Showing posts with label types of bonds. Show all posts
Showing posts with label types of bonds. Show all posts

Saturday, May 9, 2009

Practice Question, Bonds

Which of the following corporate debt instruments issued by the same corporation would tend to offer the highest yield?
A. 10-year convertible bond
B. 10-year non-convertible bond
C. 15-year subordinated debenture
D. 15-year collateral trust certificate

EXPLANATION: bonds with longer terms pay higher interest rates to investors, just as you would expect to pay a higher rate on a 30-year vs. a 15-year mortgage. So, you can eliminate choice A and B. Now that you're left with two 15-year bonds, ask yourself which one is more secure? Choice D has collateral behind it (a portfolio of securities). So, eliminate D, and you're left with C. Subordinated debenture holders are the lowest creditors in the pecking order.
ANSWER: C

Saturday, January 17, 2009

Types of corporate bonds

This is the type of question I would expect to see on the Series 6, 7, and 65 exams. Notice how it makes you think as opposed to asking you to recall memorization points.

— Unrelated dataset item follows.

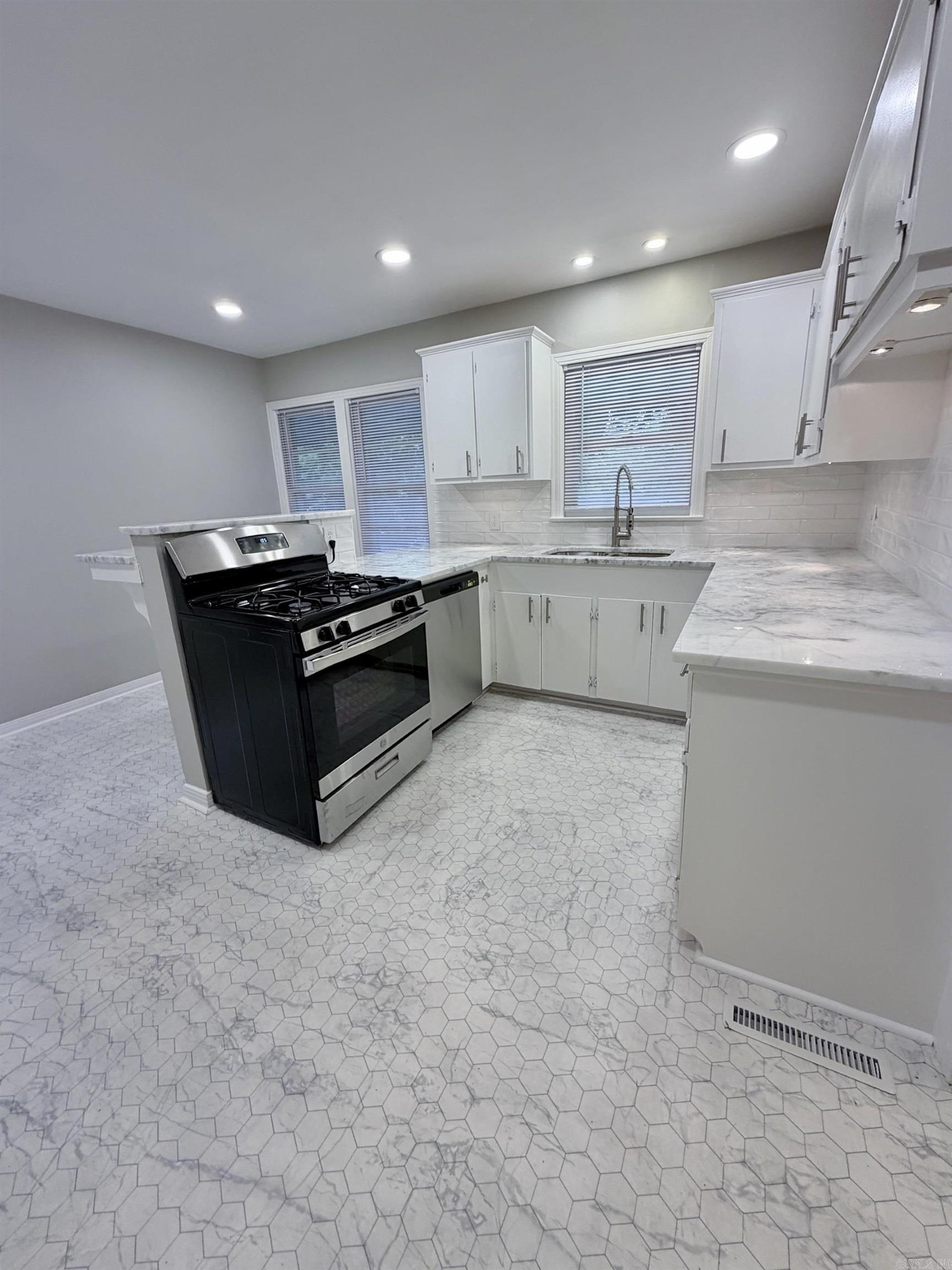 Hillcrest #1 - Residential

The XTZ Corporation will issue three series of bonds. Each offer is of the same size and term to maturity. XTZ will issue secured bonds, a series of debentures, and a series of subordinated debentures. Therefore,
A. The subordinated debentures would offer the lowest yield to investors
B. The secured bonds would offer the lowest yield to investors
C. XTZ is reducing the leverage component of its capital structure
D. The debentures would offer the lowest yield to investors

EXPLANATION: when bond investors take on more risk, they demand a higher yield. The secured bonds, backed by collateral, are the safest in terms of default risk, so they would offer the lowest yield here. Subordinated debentures put the investors at the bottom of the pecking order in bankruptcy and, therefore, have to offer a higher yield. Whenever a company issues bonds, they are using and, therefore, increasing leverage. The other way to capitalize is to sell ownership positions called "equity securities," which include common and preferred stock. Notice how analytical one needs to be to get the difficult exam questions right.